Aim of the exercise
In the entries that follow, find the line containing "Afbeeldingen van Filter"; from there, copy every line exactly through the line containing "Munafa Clearwater Paper".

Exercise data
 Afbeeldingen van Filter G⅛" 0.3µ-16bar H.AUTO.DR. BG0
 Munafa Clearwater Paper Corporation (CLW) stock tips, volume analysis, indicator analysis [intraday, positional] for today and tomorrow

--

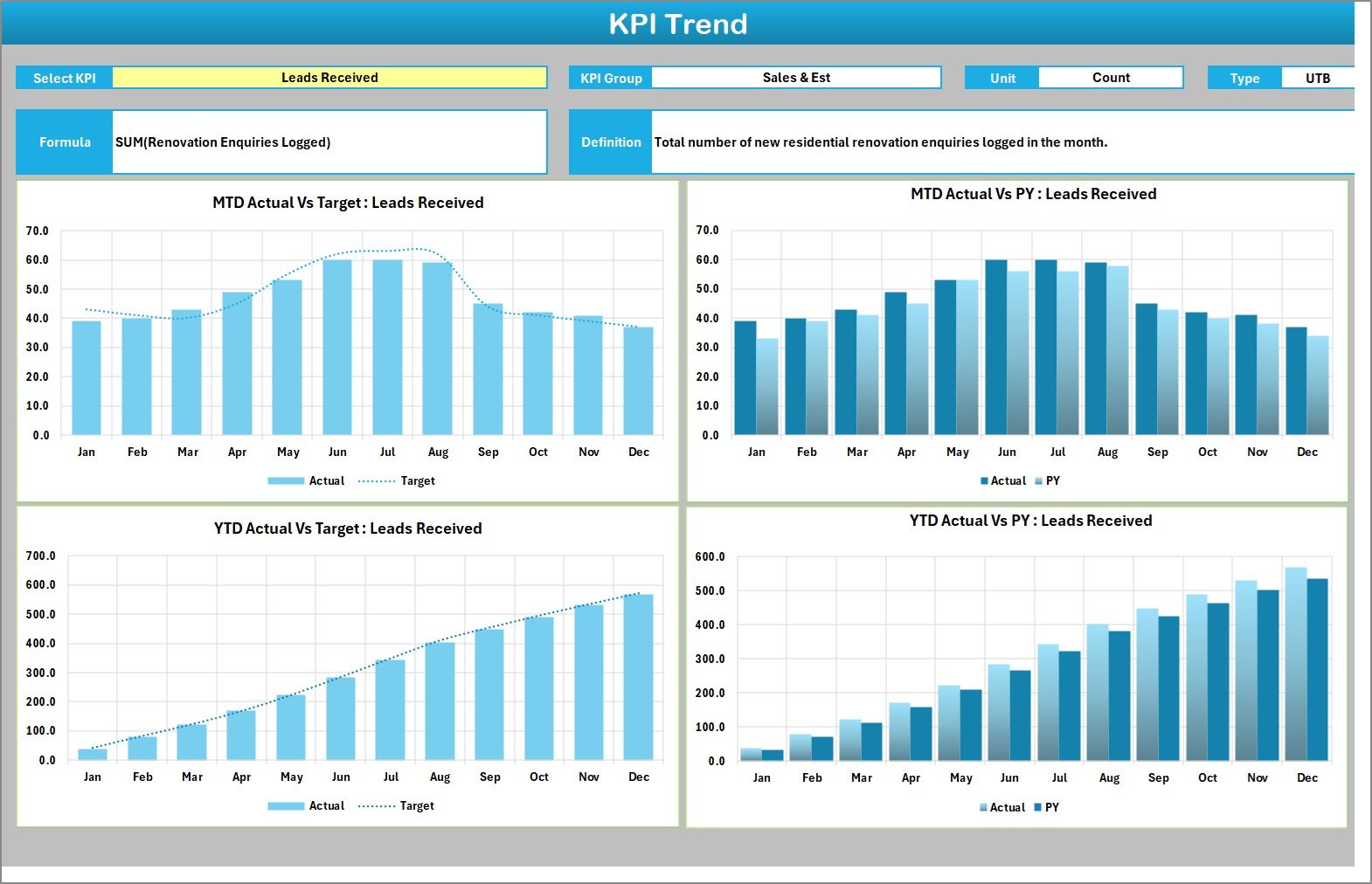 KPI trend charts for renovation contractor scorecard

Result of this exercise
 Afbeeldingen van Filter G⅛" 0.3µ-16bar H.AUTO.DR. BG0
 Munafa Clearwater Paper Corporation (CLW) stock tips, volume analysis, indicator analysis [intraday, positional] for today and tomorrow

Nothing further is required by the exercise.